◆ **Problem details**
Nothing but the lines below from the one containing "CATDOLL: How to" through the one containing "Lawn Care for" should appear in the answer, exact and without pictures.

◆ **The data**
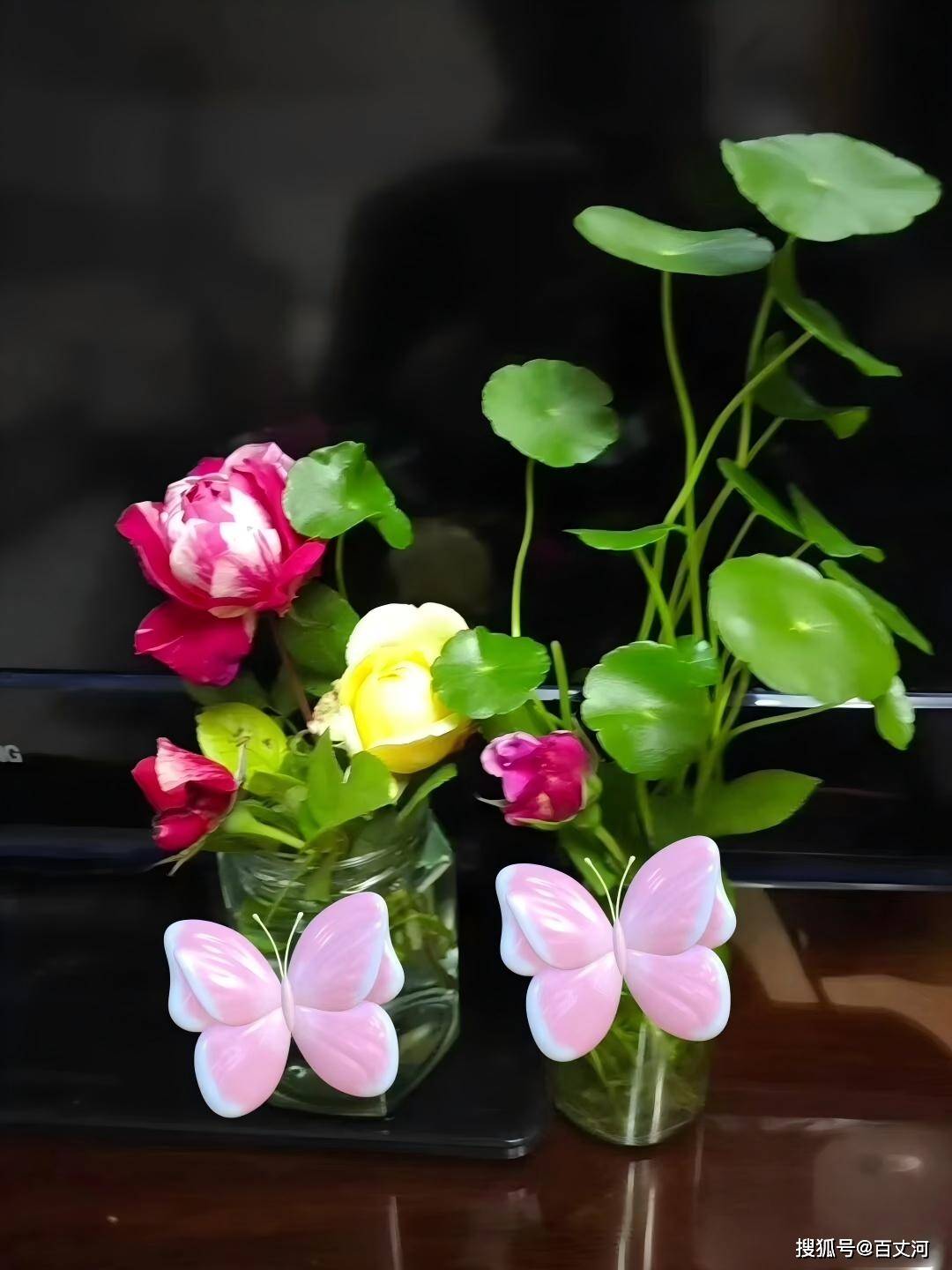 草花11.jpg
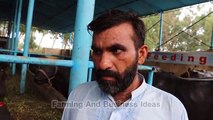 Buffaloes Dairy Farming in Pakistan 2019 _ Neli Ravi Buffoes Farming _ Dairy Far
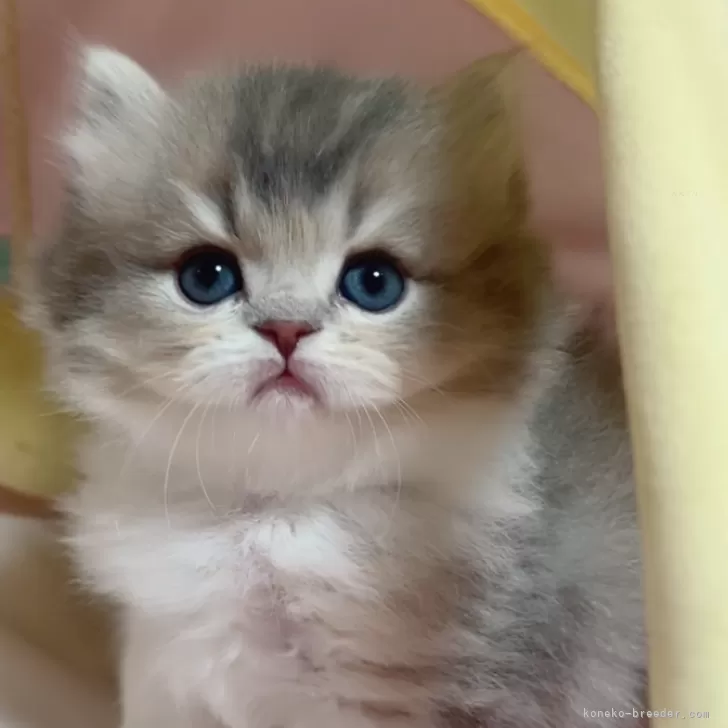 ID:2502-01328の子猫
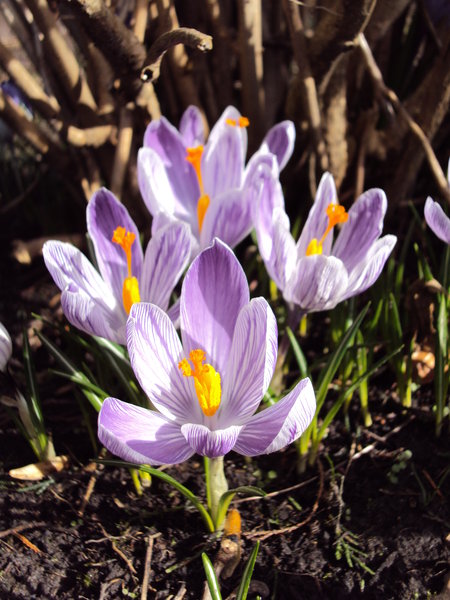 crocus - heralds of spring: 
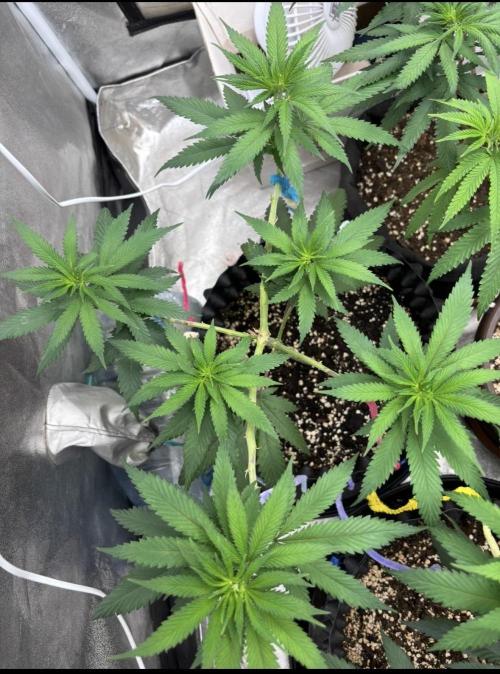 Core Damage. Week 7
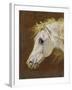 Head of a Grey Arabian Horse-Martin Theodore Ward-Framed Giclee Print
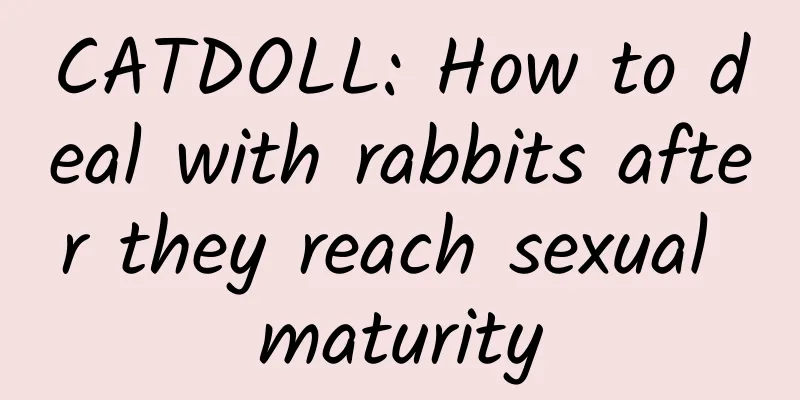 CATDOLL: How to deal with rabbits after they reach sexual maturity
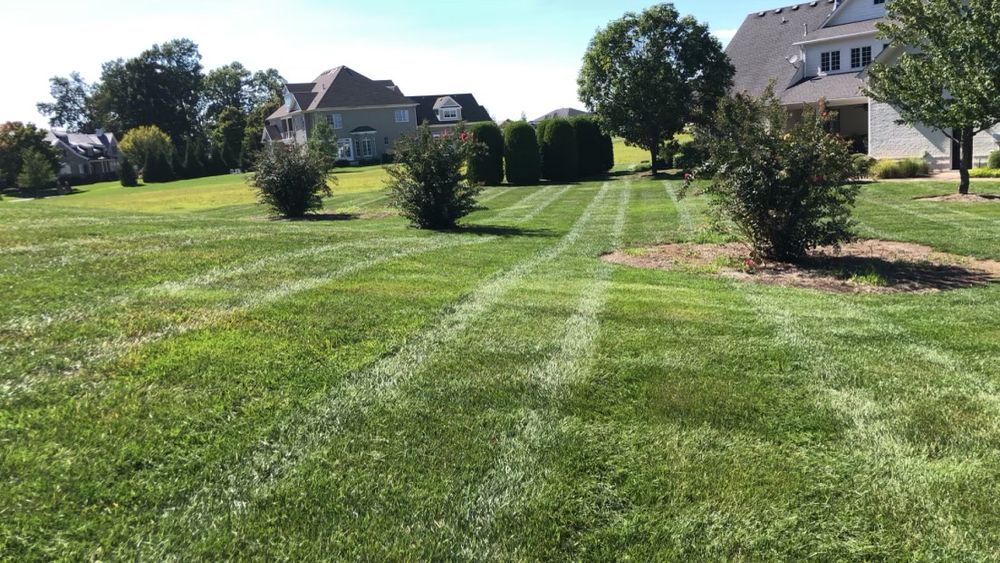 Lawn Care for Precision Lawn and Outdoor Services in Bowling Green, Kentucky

...

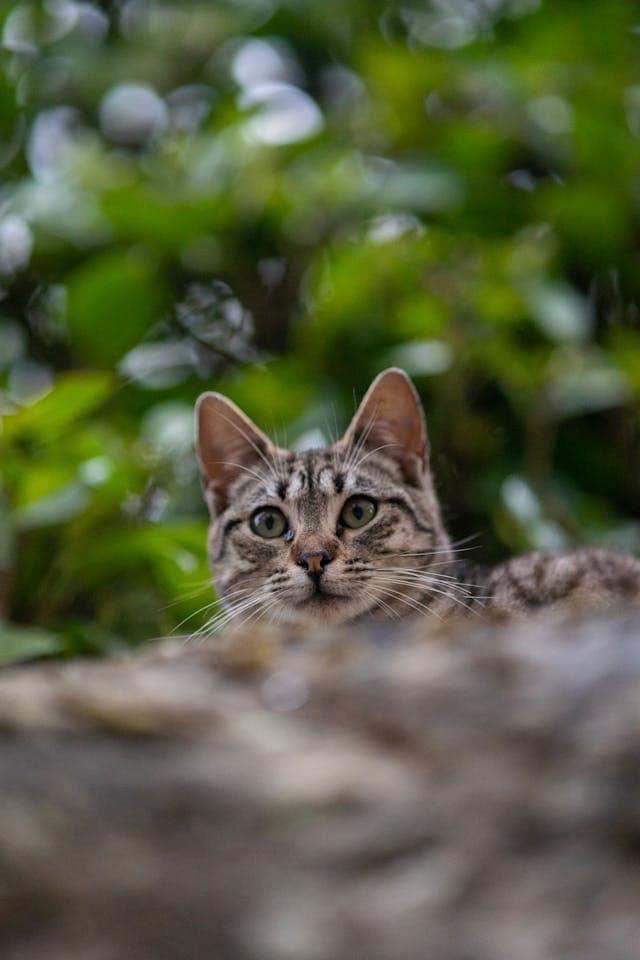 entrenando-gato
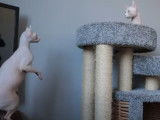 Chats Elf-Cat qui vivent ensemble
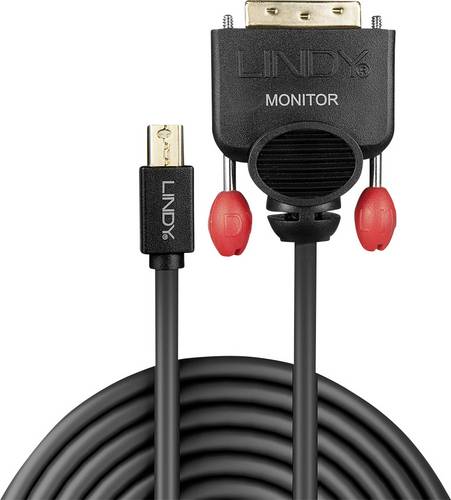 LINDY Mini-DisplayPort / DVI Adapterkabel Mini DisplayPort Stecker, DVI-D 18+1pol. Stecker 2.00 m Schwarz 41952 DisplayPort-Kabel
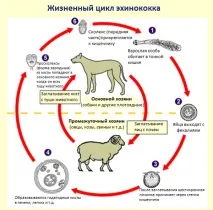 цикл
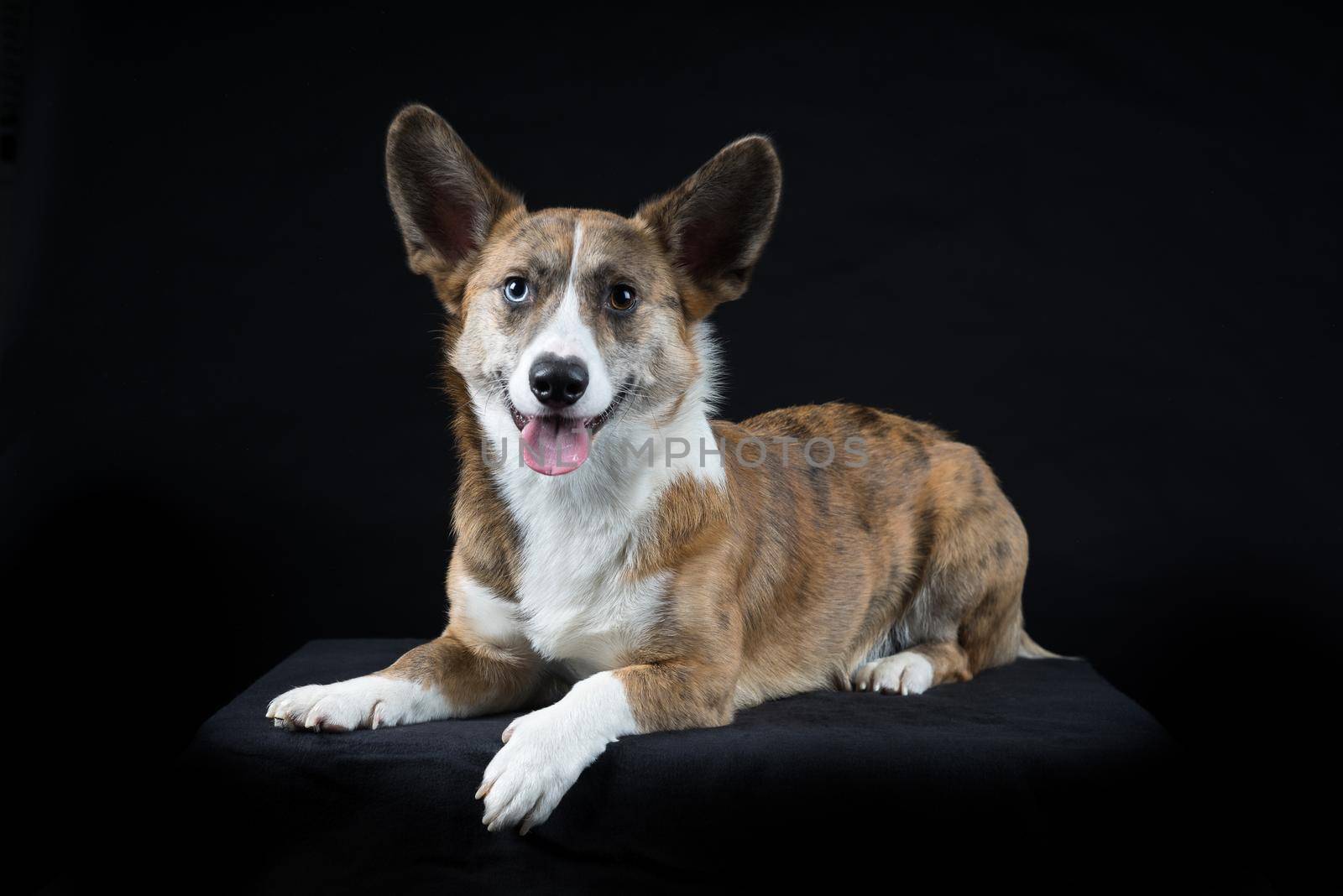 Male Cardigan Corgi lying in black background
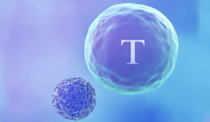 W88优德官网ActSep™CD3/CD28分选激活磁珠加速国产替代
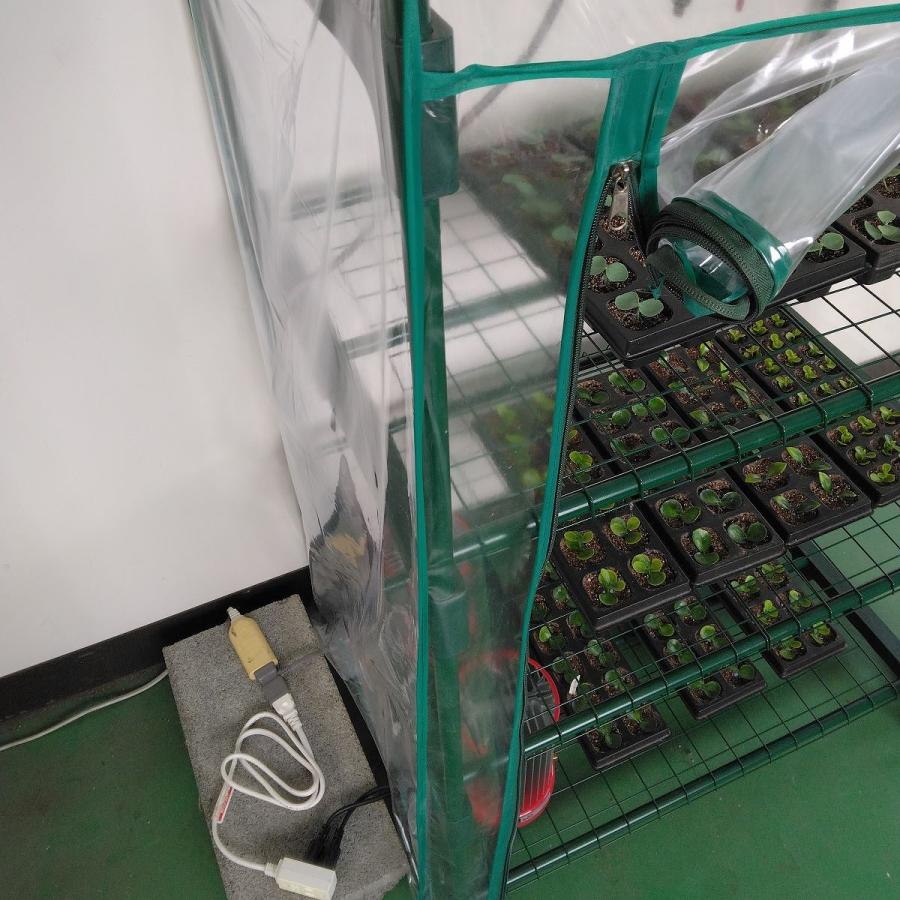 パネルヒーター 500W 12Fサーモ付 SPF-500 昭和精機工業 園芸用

◆ **Exercise answer**
 CATDOLL: How to deal with rabbits after they reach sexual maturity
 Lawn Care for Precision Lawn and Outdoor Services in Bowling Green, Kentucky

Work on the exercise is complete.